- ACTION ITEM -
Would you print each of the entries below precisely as given?
RECORDS SUPPLIED Block Start
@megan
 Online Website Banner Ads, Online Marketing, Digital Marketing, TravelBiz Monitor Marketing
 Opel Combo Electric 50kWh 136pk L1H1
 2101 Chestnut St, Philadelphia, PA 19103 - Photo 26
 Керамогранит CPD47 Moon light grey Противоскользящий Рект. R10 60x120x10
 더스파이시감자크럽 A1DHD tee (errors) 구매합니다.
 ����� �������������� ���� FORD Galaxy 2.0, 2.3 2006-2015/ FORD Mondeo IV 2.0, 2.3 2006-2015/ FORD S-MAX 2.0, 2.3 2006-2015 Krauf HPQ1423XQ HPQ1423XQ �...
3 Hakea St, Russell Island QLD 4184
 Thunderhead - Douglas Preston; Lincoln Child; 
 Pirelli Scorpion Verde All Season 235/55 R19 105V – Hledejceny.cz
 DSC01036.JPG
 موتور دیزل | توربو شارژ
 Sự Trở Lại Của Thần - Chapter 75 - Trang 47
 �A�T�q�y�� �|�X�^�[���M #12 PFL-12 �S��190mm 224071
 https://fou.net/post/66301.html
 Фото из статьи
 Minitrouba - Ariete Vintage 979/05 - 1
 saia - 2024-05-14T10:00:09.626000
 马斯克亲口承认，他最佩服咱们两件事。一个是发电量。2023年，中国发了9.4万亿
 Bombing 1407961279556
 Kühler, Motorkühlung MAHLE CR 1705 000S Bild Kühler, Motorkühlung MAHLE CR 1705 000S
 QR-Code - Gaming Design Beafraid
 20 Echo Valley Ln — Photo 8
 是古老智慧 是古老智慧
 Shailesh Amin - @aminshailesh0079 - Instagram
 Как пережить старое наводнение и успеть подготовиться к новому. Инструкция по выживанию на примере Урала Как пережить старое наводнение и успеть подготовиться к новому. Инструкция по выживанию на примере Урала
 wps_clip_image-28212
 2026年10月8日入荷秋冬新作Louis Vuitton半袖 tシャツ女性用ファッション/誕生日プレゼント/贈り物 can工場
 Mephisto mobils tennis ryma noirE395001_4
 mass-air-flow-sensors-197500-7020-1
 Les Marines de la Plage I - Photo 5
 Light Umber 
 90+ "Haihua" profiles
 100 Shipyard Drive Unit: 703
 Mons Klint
RECORDS SUPPLIED Block End
- FINAL ANSWER -
@megan
 Online Website Banner Ads, Online Marketing, Digital Marketing, TravelBiz Monitor Marketing
 Opel Combo Electric 50kWh 136pk L1H1
 2101 Chestnut St, Philadelphia, PA 19103 - Photo 26
 Керамогранит CPD47 Moon light grey Противоскользящий Рект. R10 60x120x10
 더스파이시감자크럽 A1DHD tee (errors) 구매합니다.
 ����� �������������� ���� FORD Galaxy 2.0, 2.3 2006-2015/ FORD Mondeo IV 2.0, 2.3 2006-2015/ FORD S-MAX 2.0, 2.3 2006-2015 Krauf HPQ1423XQ HPQ1423XQ �...
3 Hakea St, Russell Island QLD 4184
 Thunderhead - Douglas Preston; Lincoln Child; 
 Pirelli Scorpion Verde All Season 235/55 R19 105V – Hledejceny.cz
 DSC01036.JPG
 موتور دیزل | توربو شارژ
 Sự Trở Lại Của Thần - Chapter 75 - Trang 47
 �A�T�q�y�� �|�X�^�[���M #12 PFL-12 �S��190mm 224071
 https://fou.net/post/66301.html
 Фото из статьи
 Minitrouba - Ariete Vintage 979/05 - 1
 saia - 2024-05-14T10:00:09.626000
 马斯克亲口承认，他最佩服咱们两件事。一个是发电量。2023年，中国发了9.4万亿
 Bombing 1407961279556
 Kühler, Motorkühlung MAHLE CR 1705 000S Bild Kühler, Motorkühlung MAHLE CR 1705 000S
 QR-Code - Gaming Design Beafraid
 20 Echo Valley Ln — Photo 8
 是古老智慧 是古老智慧
 Shailesh Amin - @aminshailesh0079 - Instagram
 Как пережить старое наводнение и успеть подготовиться к новому. Инструкция по выживанию на примере Урала Как пережить старое наводнение и успеть подготовиться к новому. Инструкция по выживанию на примере Урала
 wps_clip_image-28212
 2026年10月8日入荷秋冬新作Louis Vuitton半袖 tシャツ女性用ファッション/誕生日プレゼント/贈り物 can工場
 Mephisto mobils tennis ryma noirE395001_4
 mass-air-flow-sensors-197500-7020-1
 Les Marines de la Plage I - Photo 5
 Light Umber 
 90+ "Haihua" profiles
 100 Shipyard Drive Unit: 703
 Mons Klint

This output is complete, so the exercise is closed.